Mantan Menko Polhukam Mahfud MD mengatakan sekalipun Jusuf Kalla sudah memaafkan, karena kasus ini inkrah maka Silfester tetap mesti menjalani hukuman.

"Damai itu urusan pribadi. Kalau orang terpidana itu musuhnya bukan orang yang menjadi korban. Tetapi musuh orang terpidana itu adalah negara," kata Mahfud.

Menurut Mahfud negara itu diwakili oleh kejaksaan.

"Jadi kalau ditanyakan siapa yang melindungi? Saya menyalahkan kejaksaan gitu. Siapa menyuruh kejaksaan? Ya, kita tidak tahu kan gitu kan. Pasti harus diasumsikan kejaksaan ini tahu," kata Mahfud,

Mahfud mengaku memiliki data tahun 2025, dimana sejumlah orang yang hendak menghindari hukuman ditangkap kejaksaan.

"Masa ini yang riwa-riwi di depan hidung kita gak ditangkap. Kan Kejaksaan tuh punya tim tabur namanya tim tangkap buronan atau tim tangkap orang kabur.

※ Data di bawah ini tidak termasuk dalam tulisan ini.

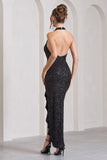 Under The Stars Black Sequin High-Neck Open-Back Maxi Dress With Drape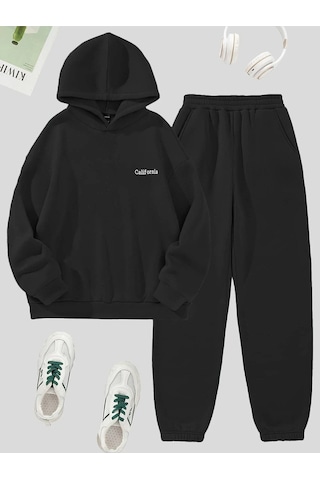 California Minimal Yazı Eşofman Takımı Sweatshirt Jogger - Siyah Baskılı Oversize Şardonlu Kapüşonl Siyah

Tim ini yang nangkap orang-orang ini tadi. Nah, oleh sebab itu kejaksaan harus segera melakukan eksekusi atas ini ya," kata Mahfud.

Sebenarnya, menurut Mahfud eksekusi harus langsung dijemput tanpa  usah dipanggil lagi.

"Orang ini sudah 6 tahun lolos gitu kan," kata Mahfud.

Mahfud menjelaskan akan menyatakan secara formal bahwa Silfester tidak ditangkap karena kejaksaan melindungi.

"Melindungi dalam bentuk apa? Lalai. Kalau betul-betul melindungi secara sengaja pasti ada yang menyuruh. Kemungkinannya ada atasan yang membacking, kemungkinannya suap. Apalagi coba? Nah, untuk mengusut ini logika umum. Kejaksaan dong harus bertanggung jawab kepada publik," ujarMahfud.

Menurut Mahfud untuk dirunut siapa pihak yang membuat Silfester tidak dieksekusi bisa ditelusuri,

"Siapa pejabatnya, kenapa ini tidak segera dieksekusi gitu? Nanti akan ketemu itu siapa yang memesan. Apakah ini pemain politik atau pemimpin pemerintahan, menteri atau apa," kata Mahfud.

"Itu harus diusut, karena ini bahaya kalau ini dibiarkan. Orang boleh bertanya seperti Anda bertanya tadi loh. Pak Mahfud, Anda kok diam saja pada saat Anda di situ (jabat Menko Polhukam)?" katanya.

"Loh kasus ini gak muncul. Kalau saya sudah tahu saat itu, muncul ya, saya pasti berteriak agar segera dieksekusi. Menteri kok gak tahu? Ya gak tahu. Itu kan bukan urusan Menko, untuk tahu semua urusan yang ada dari Sabang sampai Merauke," kata Mahfud.

Menurutnya urusan Menko Polhukam adalah yang muncul dan menjadi problem pelaksanaan di lapangan.

"Urusan Menko itu hanya muncul dan menjadi problem pelaksanaan di lapangan, konflik sehingga dikoordinasikan. Kalau ini gak ada. Tiba-tiba muncul sekarang, sesudah terjadi pergantian politik," kata Mahfud.

Mahfud mengatakan seorang Menko itu tidak harus tahu semuanya.

"Kecuali ada laporan di saat itu atau muncul sebagai isu yang panas di tengah-tengah masyarakat. Baru seorang Menko itu mengkoordinasikan agar semua jalan," ujar Mahfud.

Menurut Mahfud, Silfester tidak perlu lagi dipanggil melainkan langsung dijemput paksa. 

"Tangkap dulu, atau jebloskan dulu ini eksekusi si Matutina ini," katanya.

 Kemudian, kata Mahfud, Kejaksaan Agung harus mengadakan penyelidikan ke dalam dan menjelaskan kepada publik.